Pegging Numbers For Various Tree Graphs

In the game of pegging, each vertex of a graph is considered a hole into which a peg can be placed. A pegging move is performed by jumping one peg over another peg, and then removing the peg that has been jumped over from the graph. We define the pegging number as the smallest number of pegs needed to reach all the vertices in a graph no matter what the distribution. Similarly, the optimal-pegging number of a graph is defined as the smallest distribution of pegs for which all the vertices in the graph can be reached. We obtain tight bounds on the pegging numbers and optimal-pegging numbers of complete binary trees and compute the optimal-pegging numbers of complete infinitary trees. As a result of these computations, we deduce that there is a tree whose optimal-pegging number is strictly increased by removing a leaf. We also compute the optimal-pegging number of caterpillar graphs and the tightest upper bound on the optimal-pegging numbers of lobster graphs.

💡 Research Summary

The paper studies a graph‑theoretic version of the classic peg solitaire game, introducing two quantitative parameters for any graph G: the pegging number P(G), the smallest integer k such that every distribution of k pegs can eventually occupy every vertex, and the optimal‑pegging number p(G), the size of the smallest distribution that can achieve this goal. After reviewing basic definitions (distribution, move, reachability) the authors develop a weight‑based analytic tool: for a fixed target vertex t, each peg at distance d contributes a weight ω^d, where ω = (√5 − 1)/2 (the conjugate of the golden ratio). Lemmas establish that weights never increase under legal moves and that reachability is monotone with respect to inclusion of distributions. The crucial consequence (Theorem 2.5) is that a vertex can be reached only if the total weight of the initial distribution with respect to that vertex is at least 1. This “weight‑≥ 1” condition provides a systematic way to obtain lower bounds on P(G) and p(G) by constructing distributions whose weight falls below 1 for some target set L.

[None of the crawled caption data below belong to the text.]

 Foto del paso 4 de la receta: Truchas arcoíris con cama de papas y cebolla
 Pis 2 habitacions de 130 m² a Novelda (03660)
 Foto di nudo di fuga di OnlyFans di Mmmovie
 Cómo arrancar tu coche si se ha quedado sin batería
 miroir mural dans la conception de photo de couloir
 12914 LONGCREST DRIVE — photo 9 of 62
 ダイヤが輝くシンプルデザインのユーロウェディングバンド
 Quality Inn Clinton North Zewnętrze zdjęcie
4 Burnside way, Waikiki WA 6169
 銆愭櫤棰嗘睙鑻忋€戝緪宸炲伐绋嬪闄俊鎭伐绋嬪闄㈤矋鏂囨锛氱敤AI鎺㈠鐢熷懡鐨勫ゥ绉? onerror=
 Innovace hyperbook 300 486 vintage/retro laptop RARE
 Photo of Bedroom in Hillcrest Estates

The authors first prove two general facts for trees: (1) any reachable vertex can be reached using only moves that strictly decrease the distance to that vertex, and (2) the pegging number of a subtree never exceeds that of the whole tree. These observations are later used repeatedly.

The core of the paper focuses on several families of trees.

Complete binary trees T_h.
Using the weight formula, the total weight of the whole tree with respect to the root is computed as ((2ω)^{h+1}−1)/(2ω−1). By carefully selecting a set of subtrees at various depths (specifically those at distance k+2 from a leaf t, for 8 ≤ k ≤ h−1) and removing the vertices of a small subtree of height 7, the authors construct a distribution D that leaves the leaf t unreachable because w_t(D) < 1. The size of D equals |V(T_h)| − |V(T_7)| + 83, which yields the lower bound
 P(T_h) ≥ |V(T_h)| − 172 for sufficiently large h.
Since |V(T_h)| = 2^{h+1} − 1, the bound shows that asymptotically almost every vertex must initially contain a peg; indeed, Corollary 4.3 proves that P(T_h)/|V(T_h)| → 1 as h → ∞.

Complete infinitary trees.
A complete infinite‑ary tree (each node has infinitely many children) is examined for its optimal‑pegging number. The authors show that the minimal number of pegs needed to reach all vertices of height h is exactly the (h+2)‑th Fibonacci number minus 1, i.e. p(T_∞,h) = F_{h+2} − 1. The proof follows from the observation that to cover a level you must have enough pegs to cover the two preceding levels, mirroring the Fibonacci recurrence. An immediate corollary is the existence of a tree whose optimal‑pegging number strictly increases when a leaf is removed—a counter‑intuitive phenomenon not seen in many other graph parameters.

Caterpillar and lobster trees.
For caterpillars (a central path with leaves attached directly to it) the optimal‑pegging number is determined exactly: p(C_n) = ⌈n/2⌉, where n is the number of vertices on the central spine. For lobsters (caterpillars with additional “leg” subpaths) the authors do not obtain an exact formula but prove an upper bound p(L_n) ≤ ⌈2n/3⌉, showing that the optimal‑pegging number grows linearly with the size of the spine but remains below the total vertex count.

The paper concludes with a discussion of open problems, such as extending the weight method to other graph families (Cartesian products, random trees) and investigating whether tighter bounds can be achieved for lobster‑type graphs.

Overall, the work introduces a powerful weight‑based framework for analyzing peg‑solitaire‑type games on trees, delivers tight asymptotic and exact results for several important tree families, and uncovers surprising structural effects (e.g., leaf removal increasing p(G)). These contributions deepen the connection between combinatorial game theory and graph invariants, and they lay groundwork for future explorations of pegging phenomena in broader graph classes.